Data to examine section start

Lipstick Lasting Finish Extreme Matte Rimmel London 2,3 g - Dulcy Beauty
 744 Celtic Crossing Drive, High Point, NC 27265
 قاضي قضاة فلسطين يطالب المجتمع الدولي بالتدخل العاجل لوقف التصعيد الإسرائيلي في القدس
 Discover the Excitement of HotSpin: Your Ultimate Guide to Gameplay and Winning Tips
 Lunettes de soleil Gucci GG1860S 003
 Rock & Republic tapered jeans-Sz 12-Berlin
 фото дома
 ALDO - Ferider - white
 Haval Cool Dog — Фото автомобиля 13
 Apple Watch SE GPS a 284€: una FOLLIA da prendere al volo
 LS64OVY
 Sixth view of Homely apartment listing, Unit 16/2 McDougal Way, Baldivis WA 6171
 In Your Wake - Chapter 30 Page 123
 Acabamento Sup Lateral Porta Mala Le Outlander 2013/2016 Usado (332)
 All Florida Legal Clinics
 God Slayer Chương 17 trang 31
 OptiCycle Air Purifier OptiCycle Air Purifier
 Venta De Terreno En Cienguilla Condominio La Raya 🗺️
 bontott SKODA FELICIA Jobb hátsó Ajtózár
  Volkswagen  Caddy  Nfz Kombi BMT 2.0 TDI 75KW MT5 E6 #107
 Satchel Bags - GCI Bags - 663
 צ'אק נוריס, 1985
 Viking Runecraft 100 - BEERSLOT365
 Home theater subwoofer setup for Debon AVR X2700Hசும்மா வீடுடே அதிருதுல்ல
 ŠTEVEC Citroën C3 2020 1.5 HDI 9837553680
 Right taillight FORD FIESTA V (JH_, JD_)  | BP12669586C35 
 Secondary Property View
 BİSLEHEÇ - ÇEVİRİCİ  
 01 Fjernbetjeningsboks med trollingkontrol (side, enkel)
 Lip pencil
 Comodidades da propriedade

Data to examine section end

Exercise instructions — Transcribe the listing above verbatim, leaving every line whole.

Exercise solution —
Lipstick Lasting Finish Extreme Matte Rimmel London 2,3 g - Dulcy Beauty
 744 Celtic Crossing Drive, High Point, NC 27265
 قاضي قضاة فلسطين يطالب المجتمع الدولي بالتدخل العاجل لوقف التصعيد الإسرائيلي في القدس
 Discover the Excitement of HotSpin: Your Ultimate Guide to Gameplay and Winning Tips
 Lunettes de soleil Gucci GG1860S 003
 Rock & Republic tapered jeans-Sz 12-Berlin
 фото дома
 ALDO - Ferider - white
 Haval Cool Dog — Фото автомобиля 13
 Apple Watch SE GPS a 284€: una FOLLIA da prendere al volo
 LS64OVY
 Sixth view of Homely apartment listing, Unit 16/2 McDougal Way, Baldivis WA 6171
 In Your Wake - Chapter 30 Page 123
 Acabamento Sup Lateral Porta Mala Le Outlander 2013/2016 Usado (332)
 All Florida Legal Clinics
 God Slayer Chương 17 trang 31
 OptiCycle Air Purifier OptiCycle Air Purifier
 Venta De Terreno En Cienguilla Condominio La Raya 🗺️
 bontott SKODA FELICIA Jobb hátsó Ajtózár
  Volkswagen  Caddy  Nfz Kombi BMT 2.0 TDI 75KW MT5 E6 #107
 Satchel Bags - GCI Bags - 663
 צ'אק נוריס, 1985
 Viking Runecraft 100 - BEERSLOT365
 Home theater subwoofer setup for Debon AVR X2700Hசும்மா வீடுடே அதிருதுல்ல
 ŠTEVEC Citroën C3 2020 1.5 HDI 9837553680
 Right taillight FORD FIESTA V (JH_, JD_)  | BP12669586C35 
 Secondary Property View
 BİSLEHEÇ - ÇEVİRİCİ  
 01 Fjernbetjeningsboks med trollingkontrol (side, enkel)
 Lip pencil
 Comodidades da propriedade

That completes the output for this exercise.